Most of the time, when I talk about 'filling the well' I am speaking of metaphorically filling or refilling my creative source. In this case, I'm speaking about reconnecting with old friends and refilling the love between us.

I left for Dundracon certain in my heart it would be my last one. I was certain that I was no longer needed, wanted or loved by either of my main social groups from California (mentally dubbed the Good Omens group and the Team Volare group). So, this was going to be my last, quiet good-bye. I just wanted to see them all one more time before I allowed reality to show me the door.

This seems melodramatic now, on the other side of the convention. Not only was I wrong, I was seriously wrong. People were happy to see me. I was welcomed in and so many told me how much they had missed me. Some acted just the way they always act: happy to see me with arms open and ready to game while catching up on the latest they had not read about.

It took me until the second day of convention to realize that a lot of these people don't see each other except at conventions. Or, they see each other rarely.

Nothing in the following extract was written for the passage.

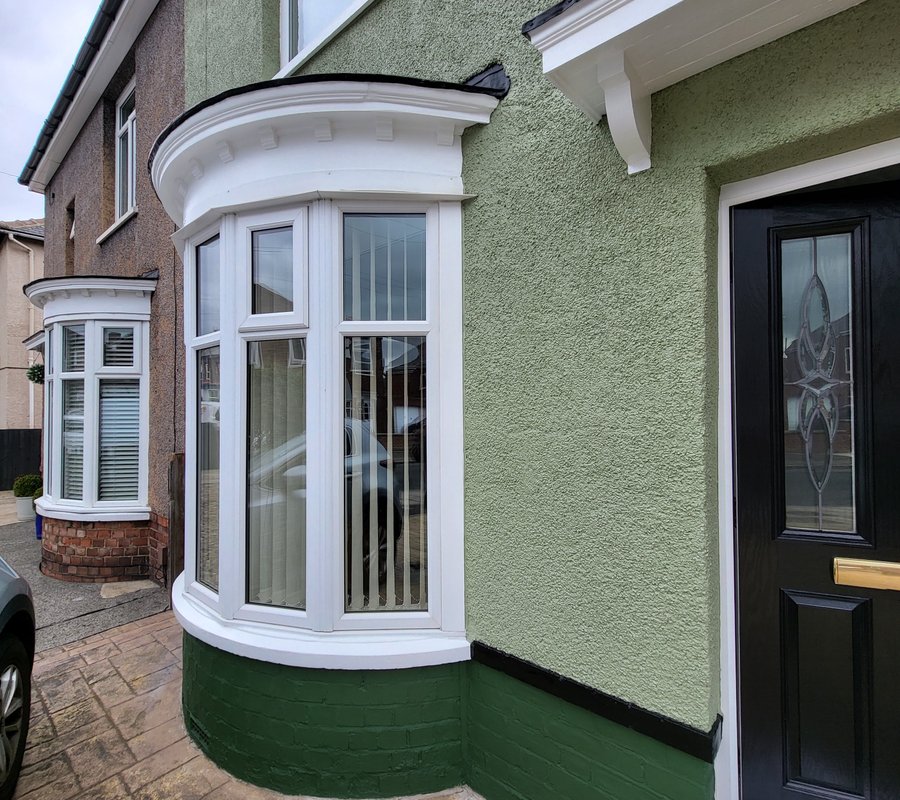 Green rendered house with white exterior trim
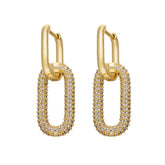 Ein Paar Damen Creolen mit Anhänger wahlweise mit dunkel blauem oder weißem Zirkonia Stein, vergoldet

So, the whole time I was thinking that they, as a group, had moved beyond me, they were missing me—and all our other friends—just as much. Thus, no awkward moments and lots of good conversations.

Really, I feel like my adoration well has just been refilled. It's OK to go on with my life. Everyone else's has, too. That's why conventions are such good places to meet up.

And speaking of life moving on...my goodness, there are a lot of babies in the group! With more on the way. I don't want one of my own but I can admit to a fondness towards those of my friends.